We at CF like to have a well diversified portfolio to limit our risks, but still generate a decent return on investment. We are generally risk averse and therefore do our research before investing in any asset. However, having learned to look at the longer term, we have incorporated some higher risk/reward assets to our portfolio over the last year.
Our current portfolio consists of the following assets:
- Real estate (we own and operate a real estate firm, which owns several properties);
- ETF’s (we have recently started to invest in Meesman “index funds”, and still have several ETF’s in another investment account);
- Stocks (we prefer dividend stocks, but will occasionally buy stocks purely for their growth potential and not their dividend); and,
- Crowd Funding loans (we have done several investments via Geldvoorelkaar, a Dutch crowd funding platform).
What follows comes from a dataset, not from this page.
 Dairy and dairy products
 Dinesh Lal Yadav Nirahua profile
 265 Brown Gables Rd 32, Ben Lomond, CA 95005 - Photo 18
Due to various reasons our portfolio currently has a high percentage of cash and is not well balanced. As we stand today (Sep. 2015) we have approximately the following split:
- Real estate (50%);
- ETF’s (5%);
- Stocks (15%);
- Crowd funding (1.5%); and,
- Cash (28.5%).
The Investment Portfolio Goal
The large cash reserve will be brought back to around 1-2% within the coming months and used to increase both ETF and Stock portfolios (yes, we are very much enjoying the market correction at the moment).
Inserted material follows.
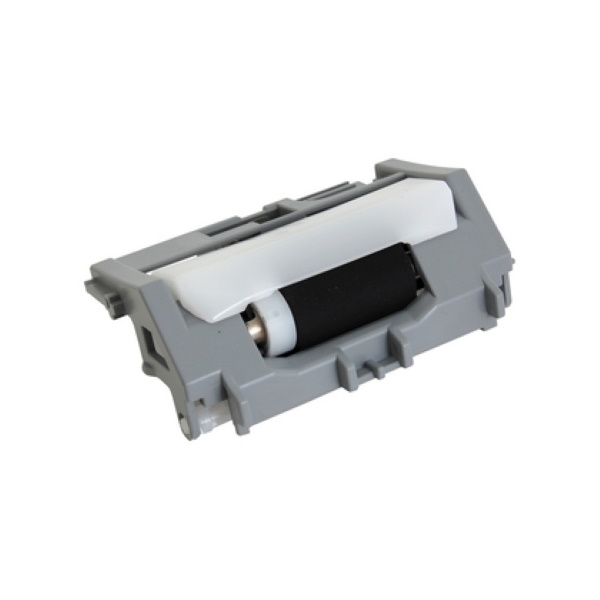 HP LaserJet Pro M402 M403 M426 M427 Tray 2 Separation Roller Assembly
Our portfolio goal, after re-balancing in the coming year(s), is anticipated as follows (+/- 5% on the main three asset classes):
- Real estate (35%);
- ETF’s (30%);
- Stocks (30%);
- Crowd funding (4%); and,
- Cash (1%).
The focus of our portfolio is to provide a relatively stable cash flow (from rental income and dividend) while also making capital gains to sustain our expenses during financial independence. It’s not perfect but we feel comfortable with this arrangement.